If your home needs a new heating system, a fuel oil furnace can be a powerful, safe, and reliable choice. These furnaces are cheaper to operate than most gas and electric furnaces, and because fuel oil contains large amounts of embodied energy, they can heat up your home very quickly during the frigid winter months.
However, many oil furnaces (especially cheaper models) waste a significant amount of the oil they consume and are not particularly energy-efficient. If you want to enjoy the benefits of installing a powerful oil furnace, but also want your furnace to be energy-efficient and eco-friendly, look for a furnace with the following features.
A High AFUE Rating
Every oil furnace is given an Annual Fuel Utilization Efficiency Rating, or AFUE, before it can be sold to a consumer. This rating is expressed as a percentage, and can tell you how much of the fuel oil you put into the furnace will be converted into usable heat. The remaining percentage of burned oil is lost as waste heat, which escapes through the furnace's chimney and/or venting.

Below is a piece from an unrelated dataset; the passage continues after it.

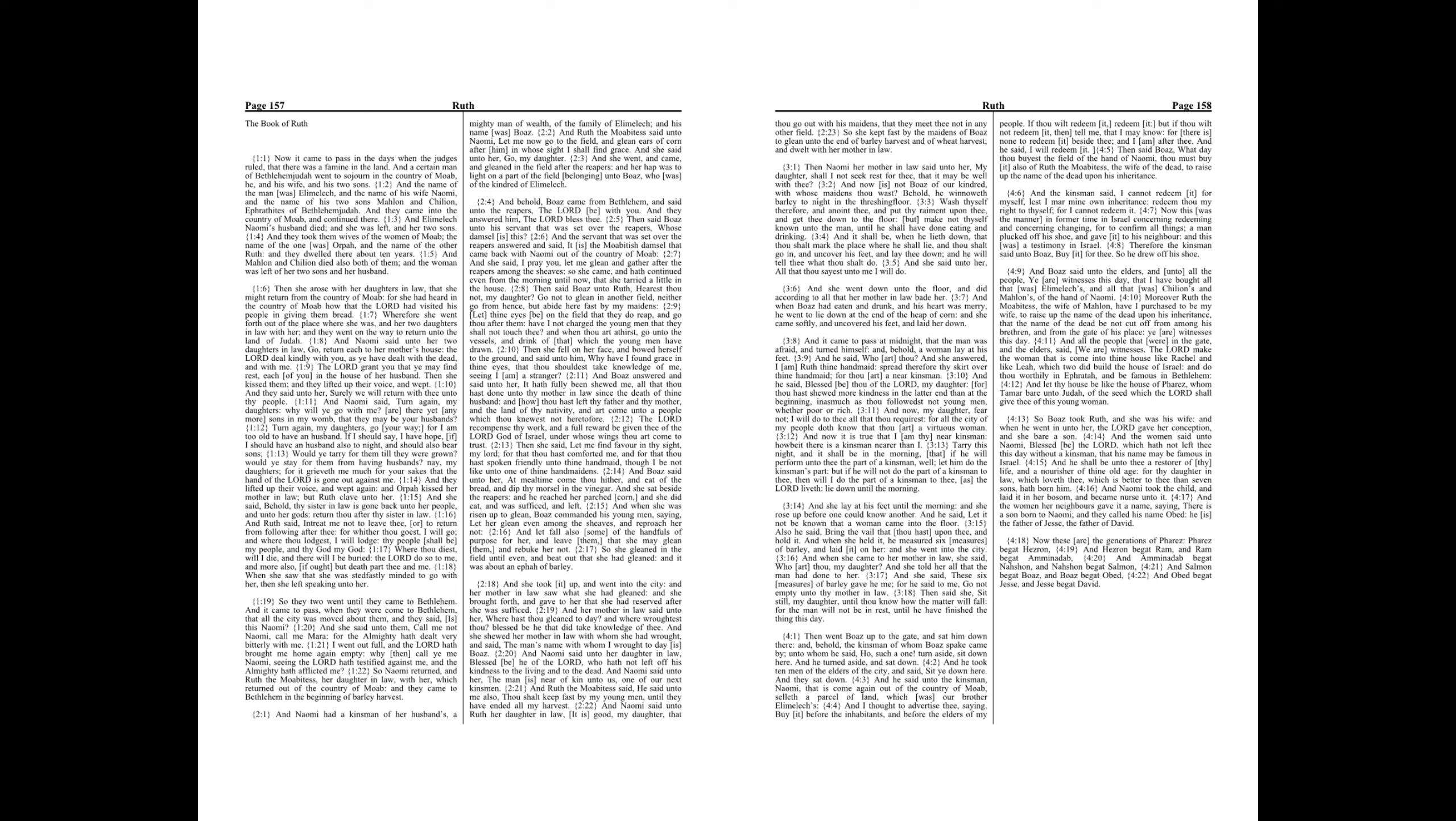And they lifted up their voice and wept again. And Orpah kissed her mother-in-law, but Ruth clave unto her. And she said, Behold, thy sister-in-law is gone back unto her people and unto her gods. Return thou after thy sister-in-law.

An 84% AFUE rating is the legal minimum for residential oil furnaces, and you should never purchase any oil furnace with a lower rating. However, you should not settle for an 84% AFUE rating if you can afford a more efficient furnace. Bear in mind that furnaces with higher AFUE ratings require less oil to heat your home, so spending more on an efficient furnace will lead to lower long-term running costs.
Many modern oil furnaces can achieve up to a 90% AFUE rating. This rivals most modern natural gas furnaces in terms of overall efficiency, but a high-efficiency oil furnace usually costs considerably less than a gas-fired alternative.
You may be tempted to buy the biggest and most powerful oil furnace you can afford, to heat your home as quickly as possible. However, an oversized furnace will consume far more oil than necessary to provide adequate heating. Before you purchase any furnace, you should have a professional HVAC service perform a heat loss calculation on your home, to determine how much heating power you actually need.
Condensing oil furnaces are harder to find than conventional oil furnaces, but these highly efficient furnaces can be a valuable addition to your home. These unique furnaces contain multiple heat exchangers and can achieve AFUE ratings of up to 95%, making them some of the most energy-efficient furnaces available today.
There is, however, a downside to condensing oil furnaces. The byproducts created by their unique combustion processes are highly acidic and can cause the furnace to corrode and wear out more quickly than a conventional oil furnace. Condensing oil furnaces with stainless steel construction can be expensive, but are more resistant to corrosion.